The study contributes by applying SNA to Pakistan’s IO table to visually and quantitatively characterize inter-industry linkages, identify influential sectors, and relate network centrality to value added. The production network is sparse and hub-centric: transport and trade have strong forward linkages, while electricity, petroleum, and chemicals are pivotal upstream inputs with high centrality metrics, making the network sensitive to energy and exchange rate shocks. Policy recommendations include: (i) improving efficiency and reliability in electricity, refining, and petrochemical sectors; (ii) implementing a pro-investment refinery policy to expand capacity and upgrade technology, enabling deeper petrochemical value chains; (iii) strengthening transport sector efficiency to reduce economy-wide costs; and (iv) leveraging services’ strong forward linkages to support broad-based growth.
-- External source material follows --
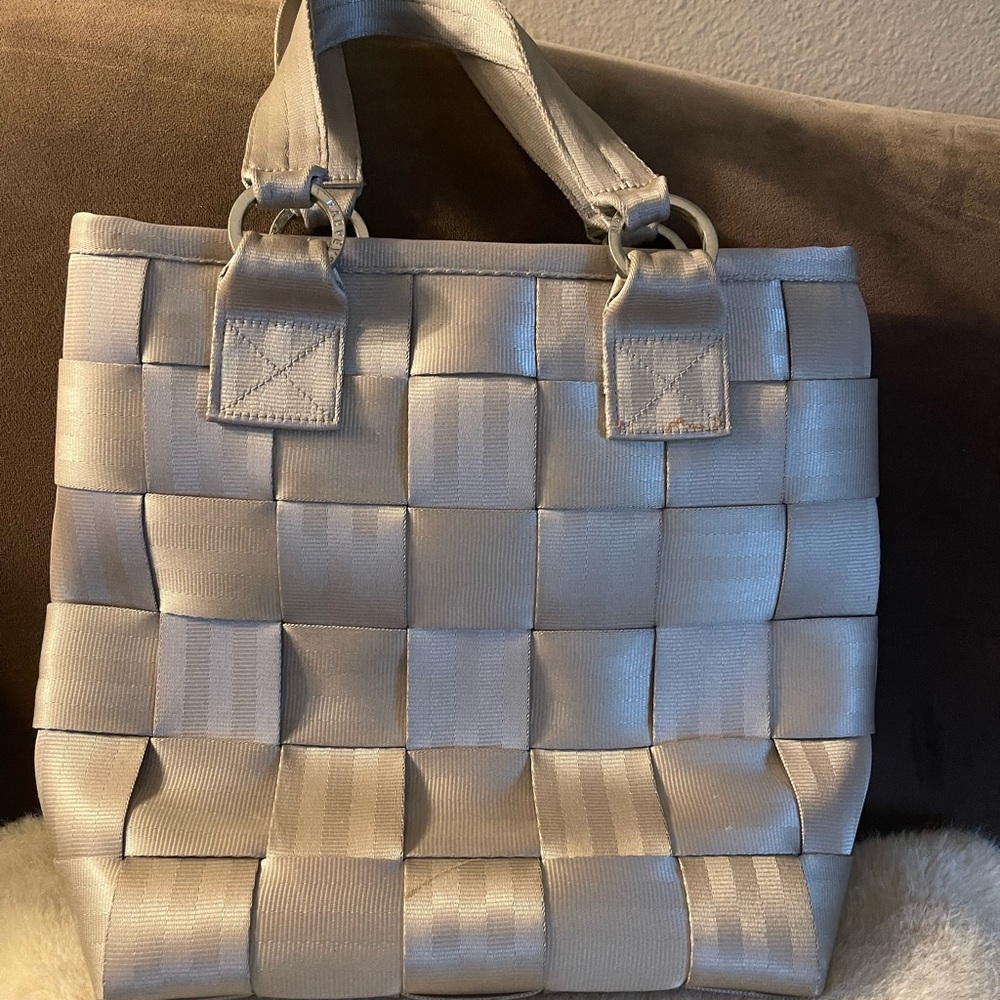 Harvey’s Original Seatbelt bag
Future work could incorporate international trade flows, use more recent and disaggregated IO data, and analyze dynamics over time to capture evolving network structures.

- The analysis omits international trade (exports and imports), focusing only on domestic IO linkages; this likely understates linkages for export-oriented sectors like textiles. - Data are from GTAP-9 for 2011 with 57 sectors, which is relatively aggregated and may mask within-sector heterogeneity. - Visualization and some network statistics apply an edge-weight threshold (l_ij < 0.1 removed), potentially excluding weaker but economically relevant ties. - Cross-sectional design limits inference on temporal dynamics, structural changes, and causality.